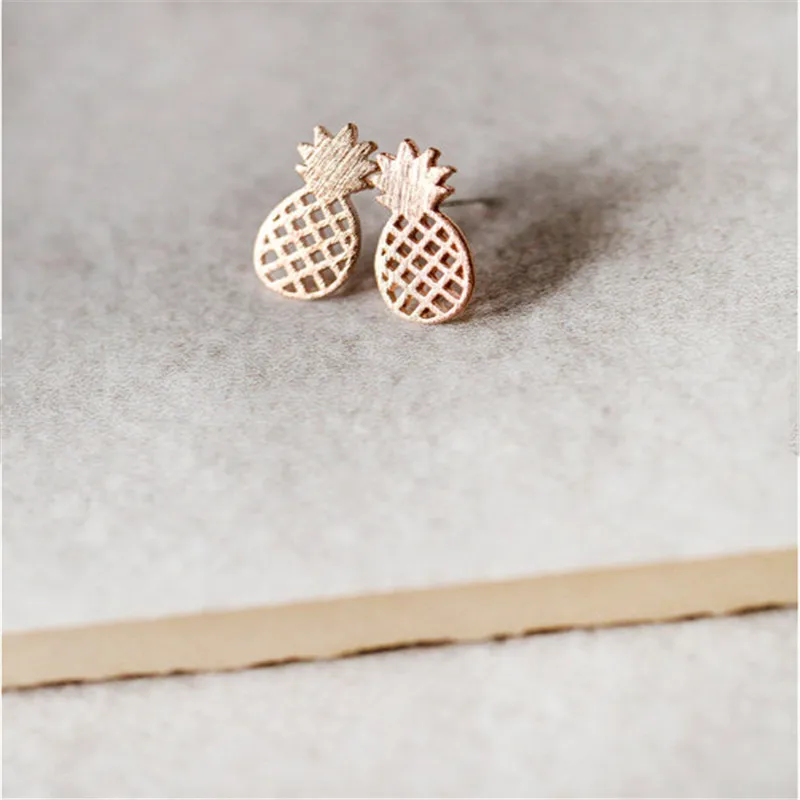 2016 модные милые серьги гвоздики в виде ананаса для женщин|stud earrings rose gold|pineapple stud
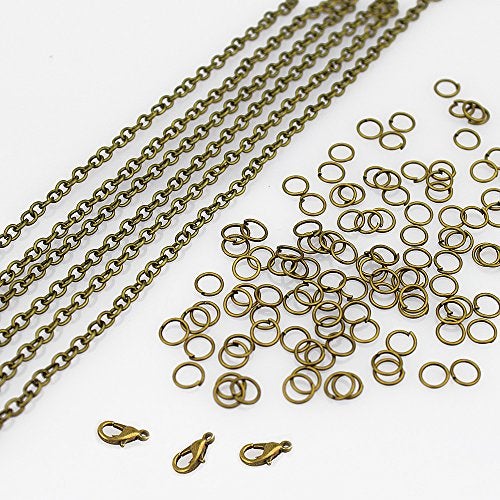 LolliBeads® 230 Gram Antiqued Bronze/Silver Metal Skeleton Keys and Wings, Bronze Steampunk Watch Gear Cog Wheel, Chains, Clasps and Jump Rings DIY Kits (300 Pcs) - Image 4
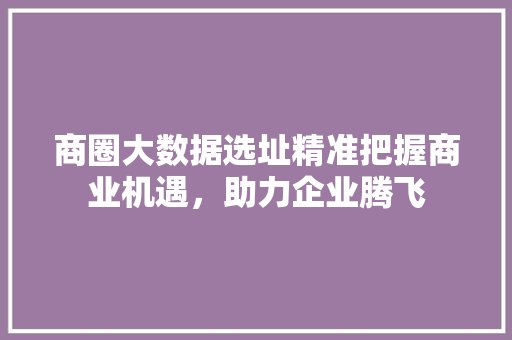 商圈大数据选址精准把握商业机遇，助力企业腾飞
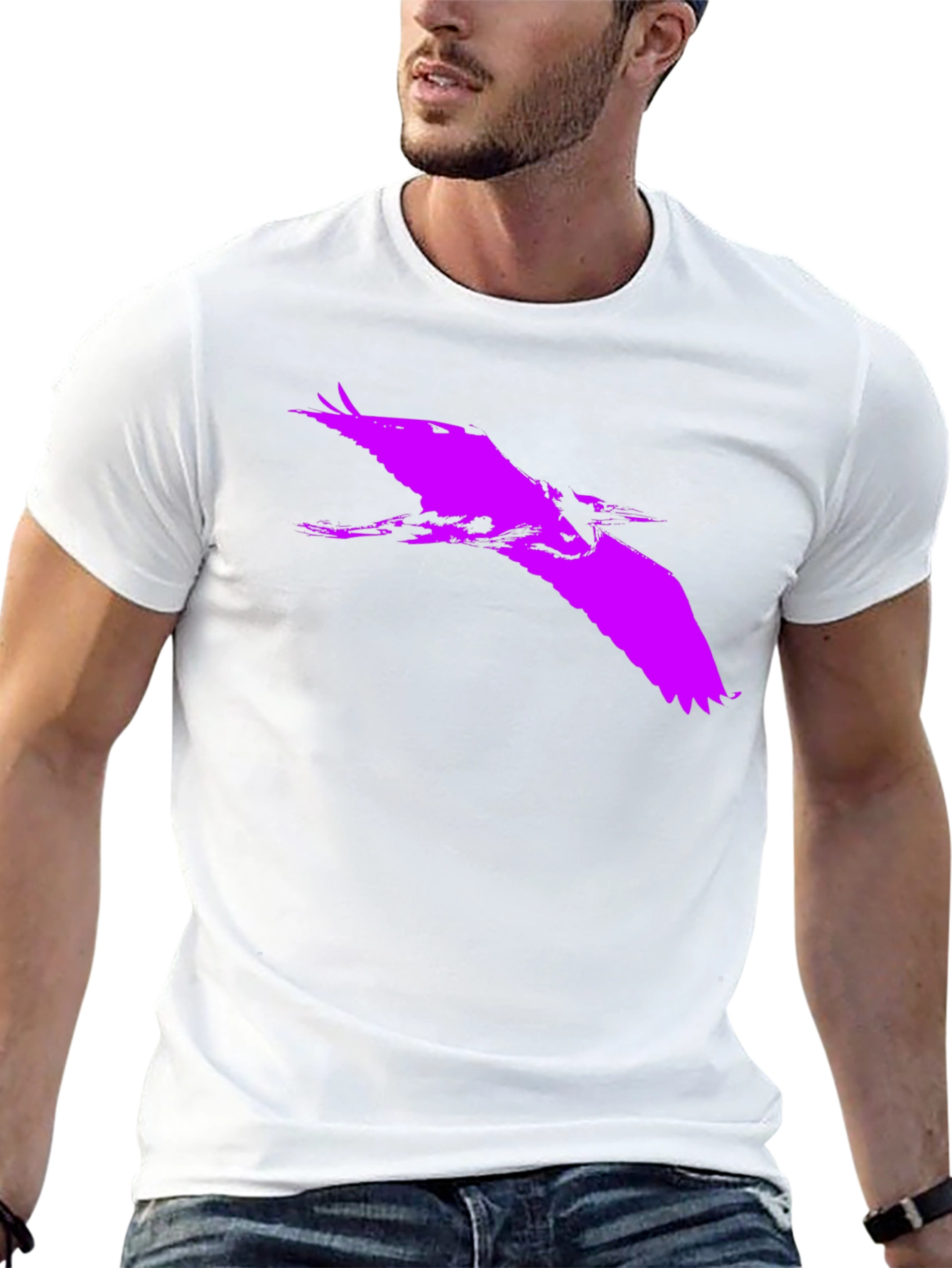 Black Bold Purple Heron Silhouette on Black Tee view 13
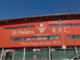 Outside the main stand at the St Helens rugby league stadium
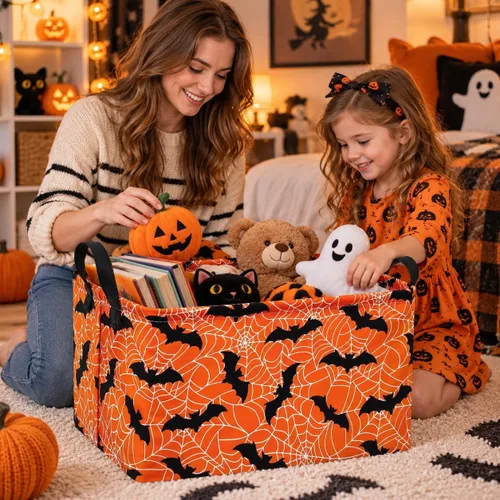 Vista 5 de Cesta de almacenamiento de Halloween, diseño de tela plegable con diseño de araña, murciélago y calabaza, con asas de cuero, organizador de estante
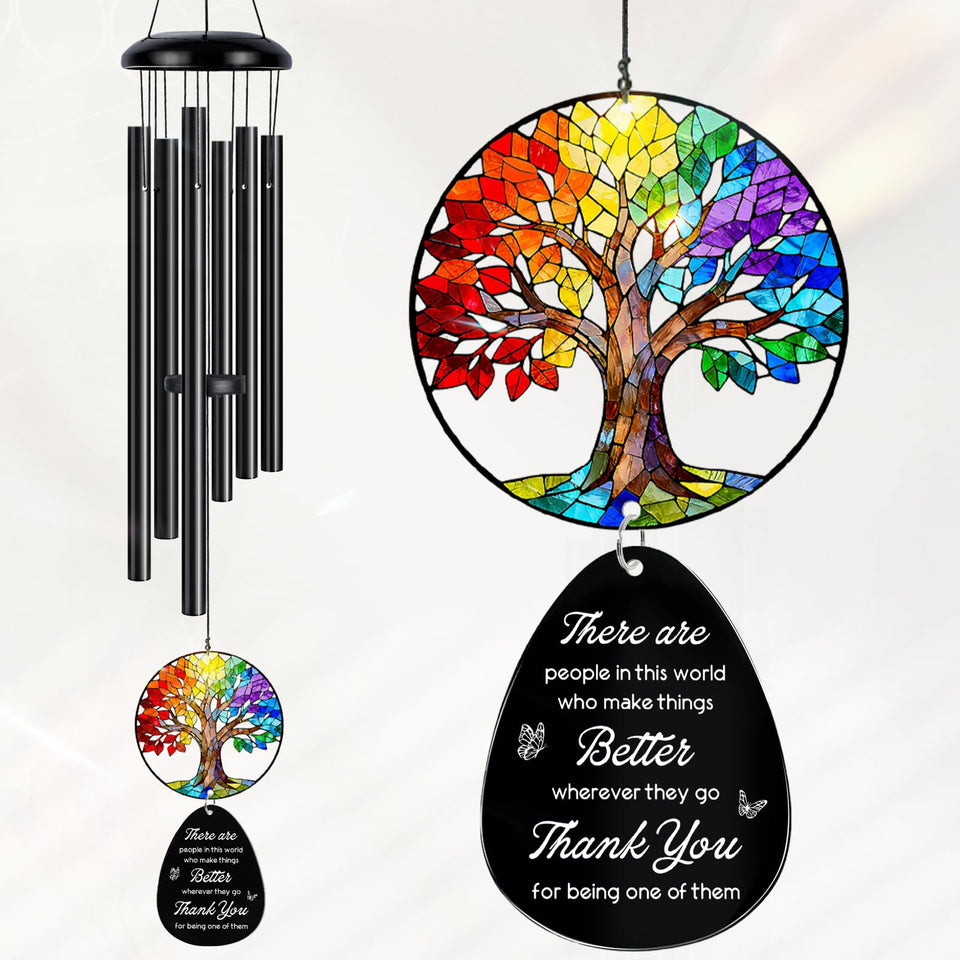 Flpoxzd thank you wind chime sun catcher glints in sunlight for porch ambience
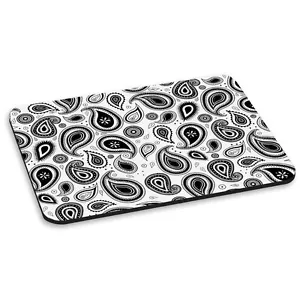 Noir & Blanc Motif Cachemire Floral Fleurs Tapis De Souris PC Ordinateur - Photo 1/1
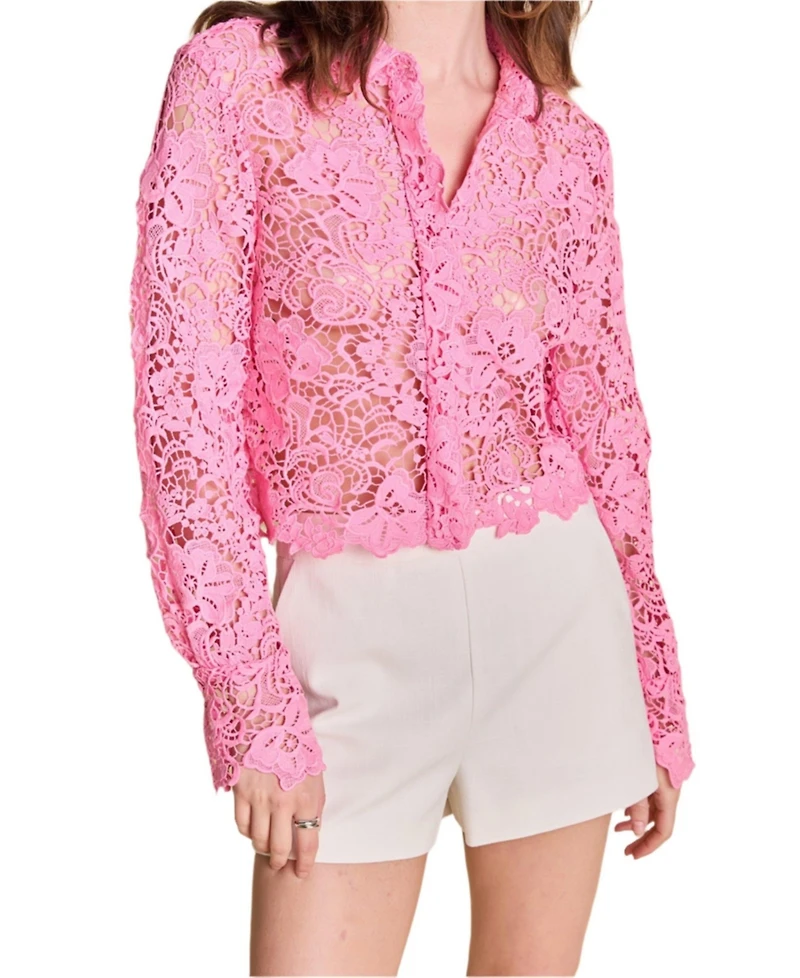 endless rose Women's Textured Sheer Long sleeve Top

What to do ▸
Each line from the one with "Noir & Blanc" to the end of the material needs to be output word for word, with no picture included.

Result ▸
 Noir & Blanc Motif Cachemire Floral Fleurs Tapis De Souris PC Ordinateur - Photo 1/1
 endless rose Women's Textured Sheer Long sleeve Top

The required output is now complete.